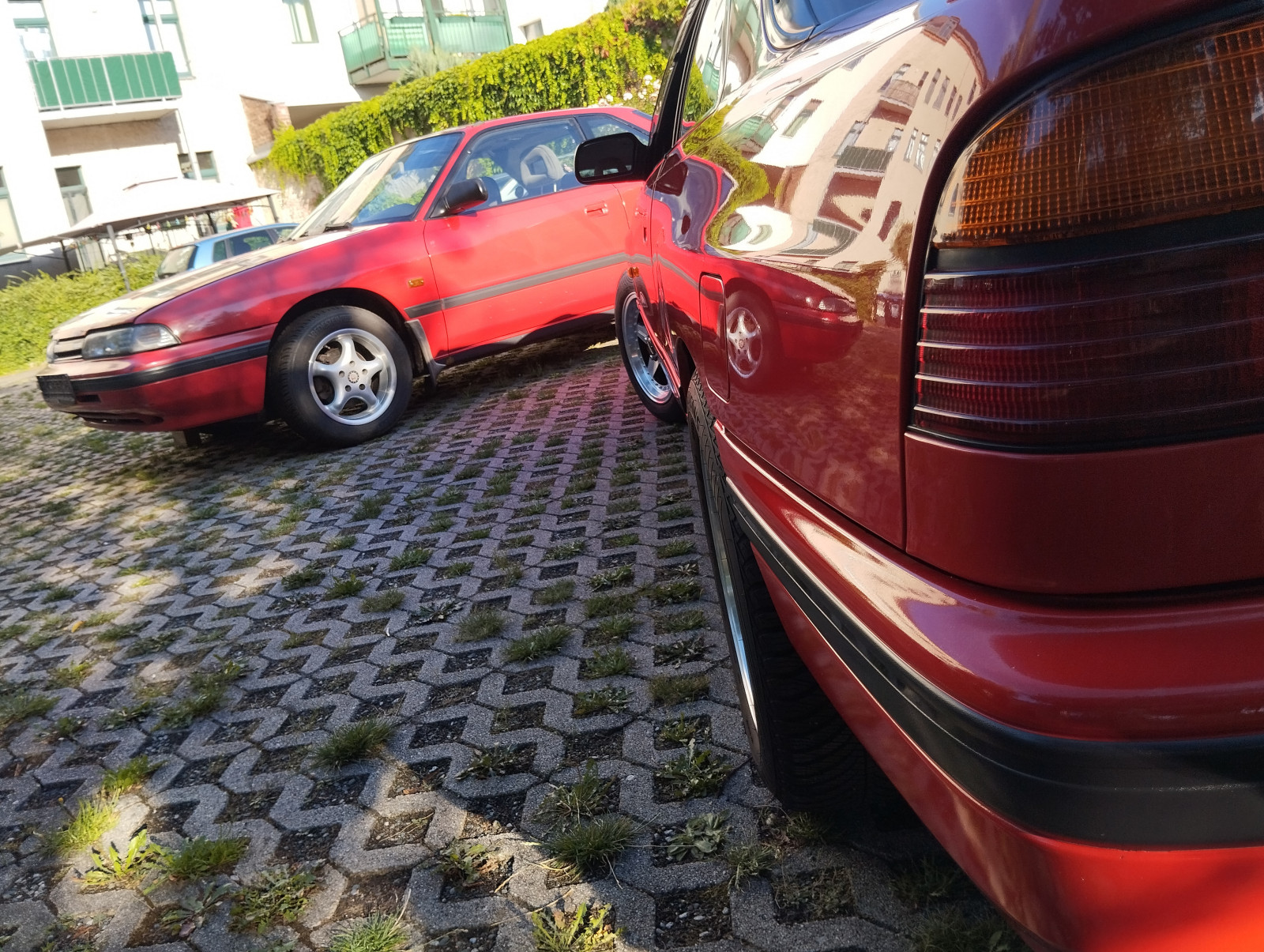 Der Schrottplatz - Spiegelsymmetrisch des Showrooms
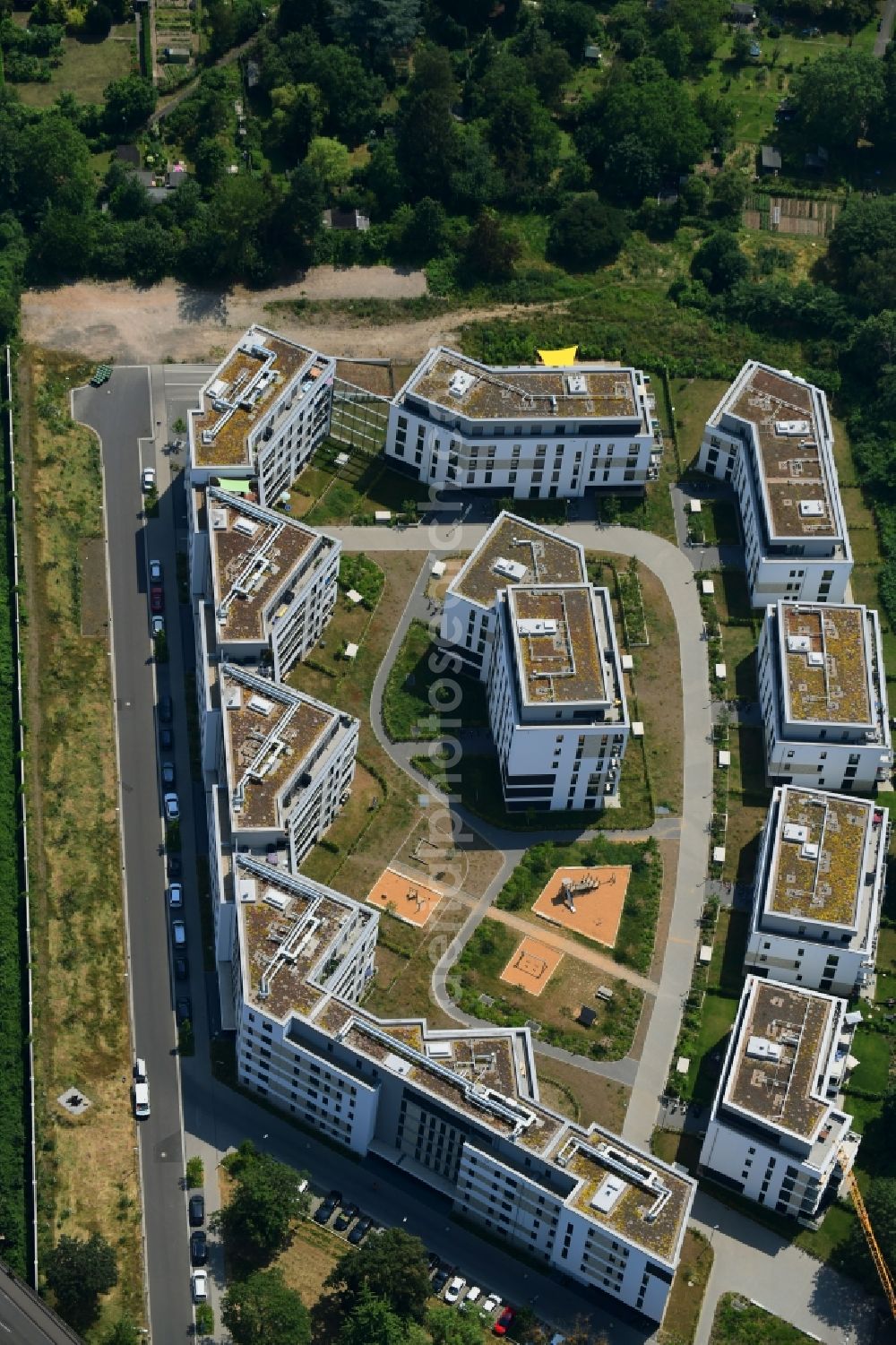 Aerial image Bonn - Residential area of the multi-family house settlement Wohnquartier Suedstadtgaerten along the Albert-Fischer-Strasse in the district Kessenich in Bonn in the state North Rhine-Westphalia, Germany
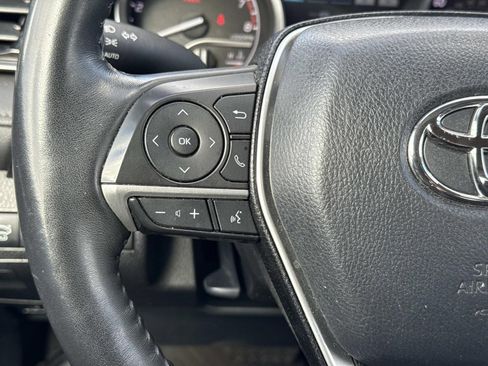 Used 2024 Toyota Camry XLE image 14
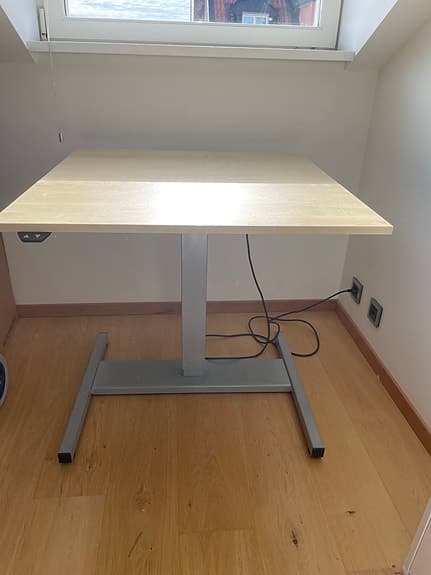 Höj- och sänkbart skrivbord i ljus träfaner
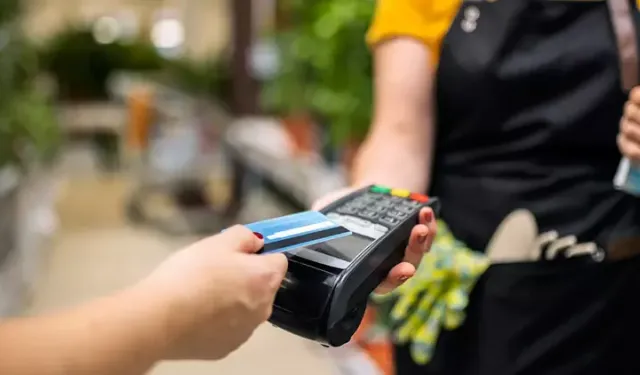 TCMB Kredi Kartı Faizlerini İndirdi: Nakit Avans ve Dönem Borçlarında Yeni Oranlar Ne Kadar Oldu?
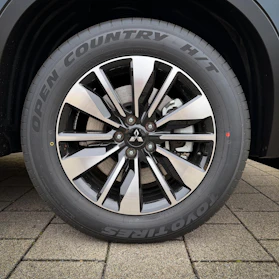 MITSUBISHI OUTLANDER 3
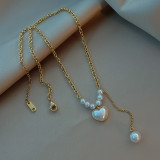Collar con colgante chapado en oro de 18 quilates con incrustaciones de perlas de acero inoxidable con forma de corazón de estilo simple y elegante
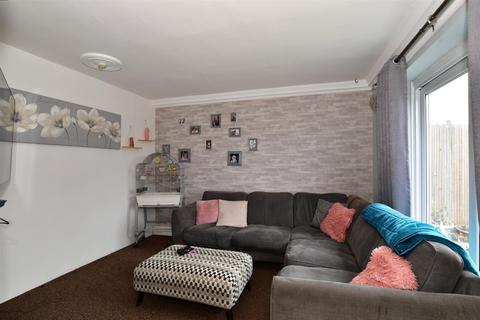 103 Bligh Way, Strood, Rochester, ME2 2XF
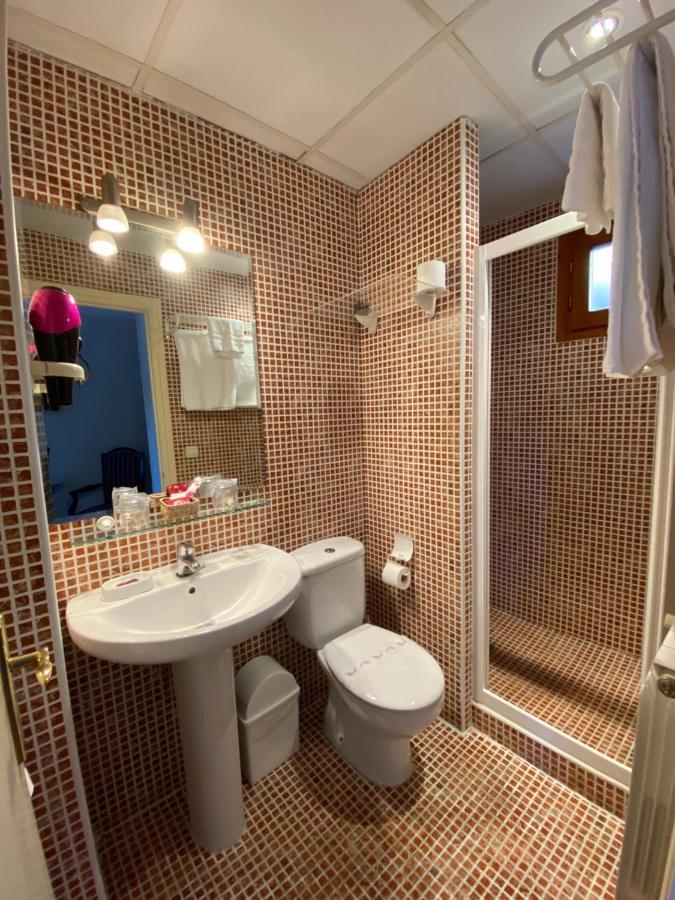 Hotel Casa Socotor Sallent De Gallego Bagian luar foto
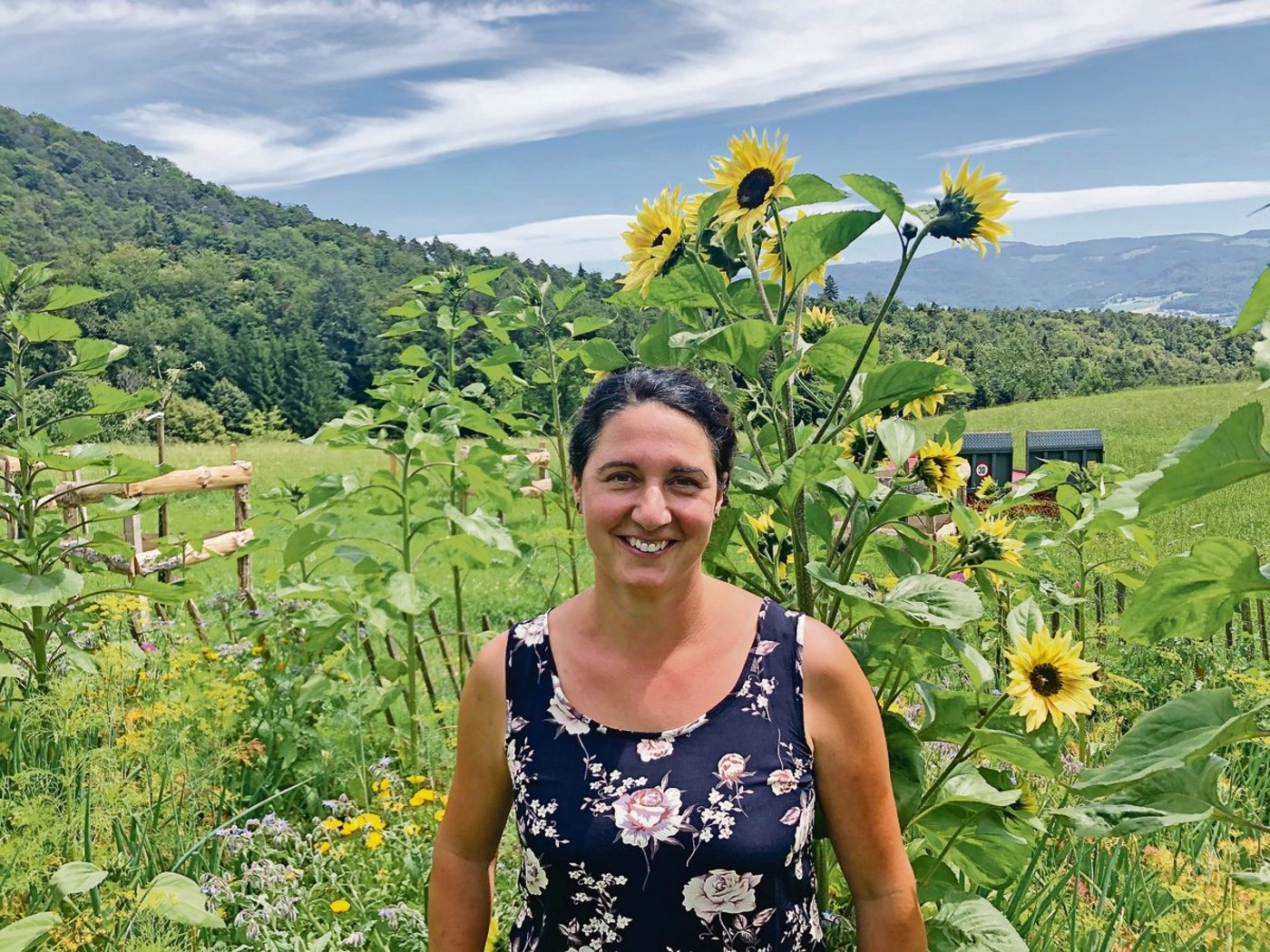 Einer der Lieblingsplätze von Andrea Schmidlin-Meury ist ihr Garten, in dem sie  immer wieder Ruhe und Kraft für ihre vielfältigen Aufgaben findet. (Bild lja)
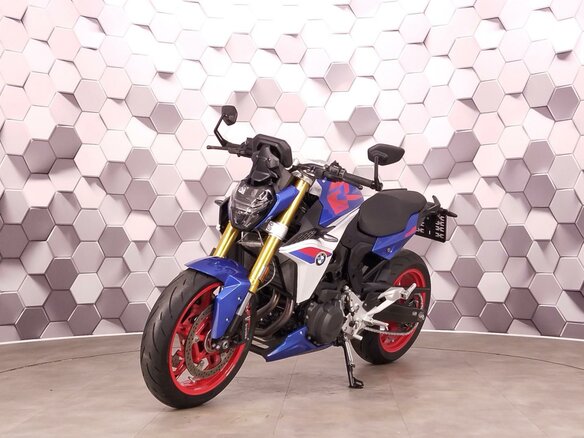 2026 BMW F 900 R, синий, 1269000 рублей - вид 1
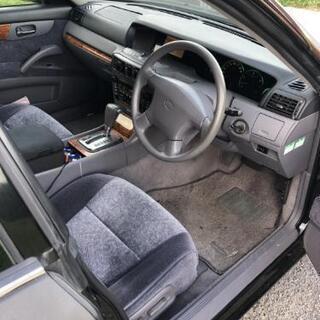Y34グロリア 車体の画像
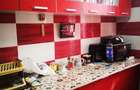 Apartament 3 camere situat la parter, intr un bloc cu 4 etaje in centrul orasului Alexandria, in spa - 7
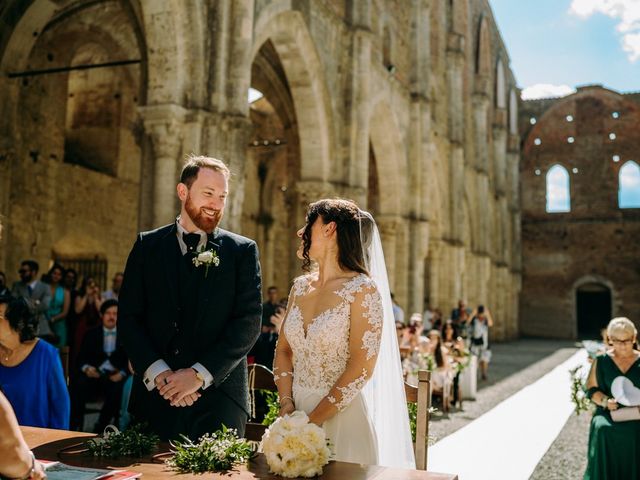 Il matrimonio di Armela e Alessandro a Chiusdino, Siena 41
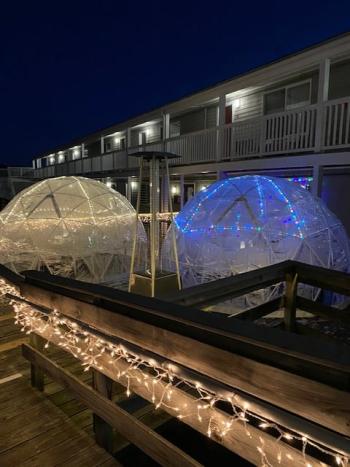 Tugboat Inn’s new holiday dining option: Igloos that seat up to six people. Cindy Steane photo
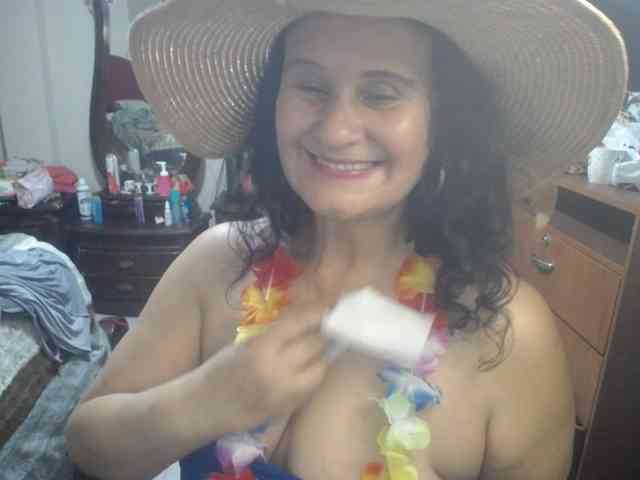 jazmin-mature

*WORK REQUIRED*: What you return must match the records exactly, apart from the images, which are omitted.

*ANSWER TO THE EXERCISE*:
 Der Schrottplatz - Spiegelsymmetrisch des Showrooms
 Aerial image Bonn - Residential area of the multi-family house settlement Wohnquartier Suedstadtgaerten along the Albert-Fischer-Strasse in the district Kessenich in Bonn in the state North Rhine-Westphalia, Germany
 Used 2024 Toyota Camry XLE image 14
 Höj- och sänkbart skrivbord i ljus träfaner
 TCMB Kredi Kartı Faizlerini İndirdi: Nakit Avans ve Dönem Borçlarında Yeni Oranlar Ne Kadar Oldu?
 MITSUBISHI OUTLANDER 3
Collar con colgante chapado en oro de 18 quilates con incrustaciones de perlas de acero inoxidable con forma de corazón de estilo simple y elegante
 103 Bligh Way, Strood, Rochester, ME2 2XF
 Hotel Casa Socotor Sallent De Gallego Bagian luar foto
 Einer der Lieblingsplätze von Andrea Schmidlin-Meury ist ihr Garten, in dem sie  immer wieder Ruhe und Kraft für ihre vielfältigen Aufgaben findet. (Bild lja)
 2026 BMW F 900 R, синий, 1269000 рублей - вид 1
Y34グロリア 車体の画像
 Apartament 3 camere situat la parter, intr un bloc cu 4 etaje in centrul orasului Alexandria, in spa - 7
 Il matrimonio di Armela e Alessandro a Chiusdino, Siena 41
 Tugboat Inn’s new holiday dining option: Igloos that seat up to six people. Cindy Steane photo
 jazmin-mature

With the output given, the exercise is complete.